Allyson and George never get married. They did live together and have two children. Then they broke up, agreed to a paternity judgment that establishes father’s paternity, created visitations rights for him, and obligated him to pay child support.  Later Allyson and George reconcile and George moves back into the house with Allyson and the children.  George also stops paying his court ordered child support but does start paying rent to the landlord of the house.  After nine months the couple breaks up again, and George moves out again.

The question of first impression is this: In a paternity proceeding does George get credit for the voluntary contributions he made to support the family during those nine months (the rent payments) against the guideline child support that he is ordered to pay pursuant to the judgment?

Note — In a dissolution action George would get so-called Jackson credits. Jackson v. Jackson (1975) 51 Cal.App.3d 363.

The court goes through an exhaustive analysis of the relevant credit/no-credit cases from California and beyond and ultimately decides that George MIGHT get credit.

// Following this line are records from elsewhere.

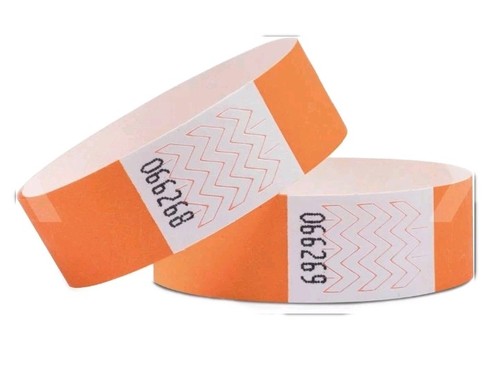 500 tyvek wristbands - wristbands, paper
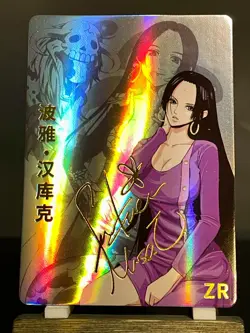 Goddess Story CCG Holo Foil Waifu Anime NEW ZR Signature Cards - Boa Hancock - Image 1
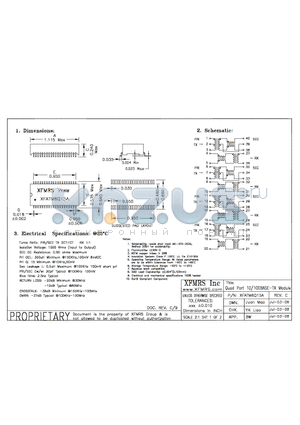 XFATM8Q15A datasheet - Quad Port 10/100BASE-TX Module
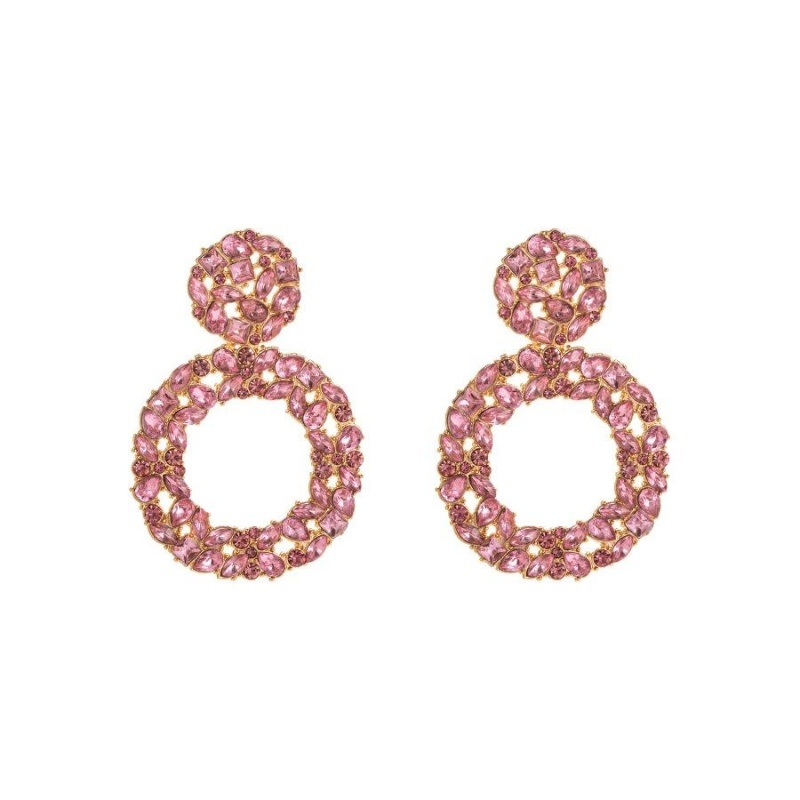 Donne Scintillante Sirena Spalline sottili Fucsia Paillettes Lungo Abito da ballo con Set di Accessori – it
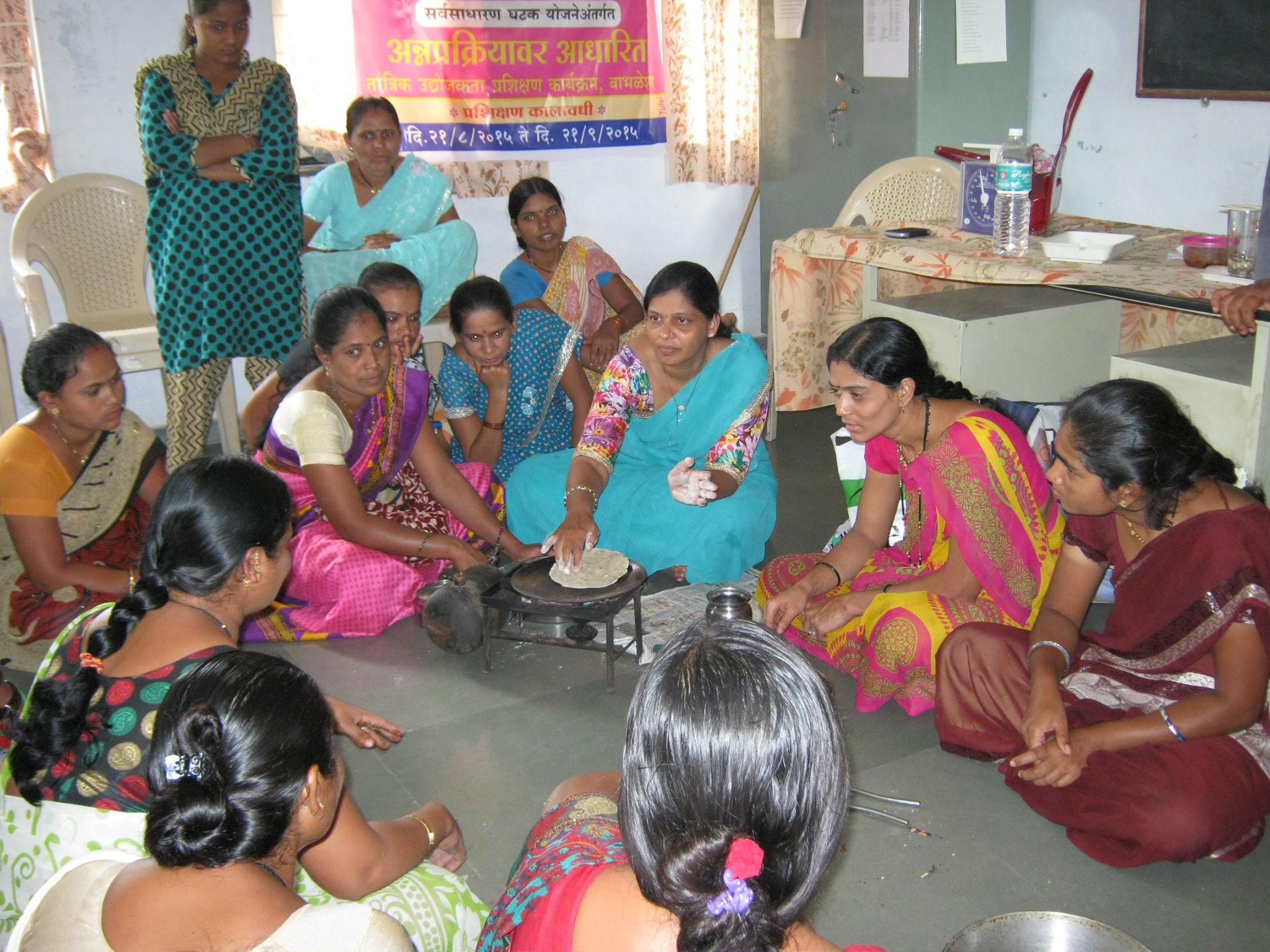 Mahila Gram Sabha and food processing training at Maria Bhavan, Bableshwar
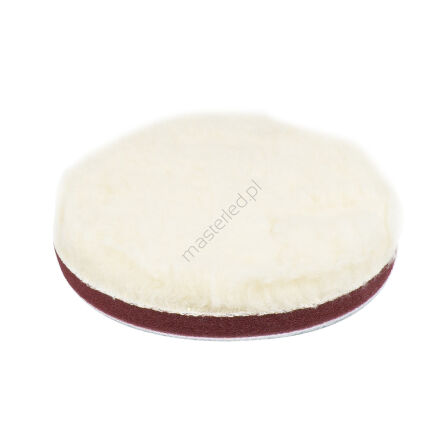 Pad polerski wełniany futro polerskie soft miękki na rzep 125 mm AMiO-03704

When George moved back into the residence he began making rent payments to the landlord, who just happened to by Allyson’s father.  The problem for the court is that Allyson was not paying rent to her dad when George  was not living there.  The Court of Appeal remanded to the trial court to determine, in light of its first impression analysis, if George should get credit.

What it boils down to is whether or not the parent pursuing credit has stepped into the shoes of the other parent and begun paying a debt that the other parent had actually been paying.  Had Allyson been paying rent to her dad, and George then took over those payments, he would get credit.  When the case gets back to the trial court I am not so sure George is going to get any credit.